Brief descriptive captions
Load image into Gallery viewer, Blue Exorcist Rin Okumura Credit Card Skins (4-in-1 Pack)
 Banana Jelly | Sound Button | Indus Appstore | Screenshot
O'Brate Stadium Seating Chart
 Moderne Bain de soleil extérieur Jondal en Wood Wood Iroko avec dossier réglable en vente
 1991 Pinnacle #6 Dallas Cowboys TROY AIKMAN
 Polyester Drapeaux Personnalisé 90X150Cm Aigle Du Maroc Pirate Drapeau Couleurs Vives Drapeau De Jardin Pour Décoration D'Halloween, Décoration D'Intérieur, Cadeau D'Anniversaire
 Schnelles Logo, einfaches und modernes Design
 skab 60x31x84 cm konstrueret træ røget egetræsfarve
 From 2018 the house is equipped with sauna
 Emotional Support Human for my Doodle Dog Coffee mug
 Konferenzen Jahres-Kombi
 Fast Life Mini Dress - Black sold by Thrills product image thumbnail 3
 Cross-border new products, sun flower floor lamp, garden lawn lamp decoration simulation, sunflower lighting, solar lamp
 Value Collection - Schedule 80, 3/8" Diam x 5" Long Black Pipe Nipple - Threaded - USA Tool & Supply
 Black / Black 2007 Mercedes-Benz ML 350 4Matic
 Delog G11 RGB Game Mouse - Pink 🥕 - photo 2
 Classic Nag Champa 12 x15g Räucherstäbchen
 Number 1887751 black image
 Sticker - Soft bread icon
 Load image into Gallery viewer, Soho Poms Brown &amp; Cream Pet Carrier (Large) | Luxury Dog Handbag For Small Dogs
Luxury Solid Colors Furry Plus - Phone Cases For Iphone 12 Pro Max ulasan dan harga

§ PROBLEM DESCRIPTION
Give the count of lines in the data that contain the word "Luxury", and write nothing besides it.

§ SOLVED EXERCISE
2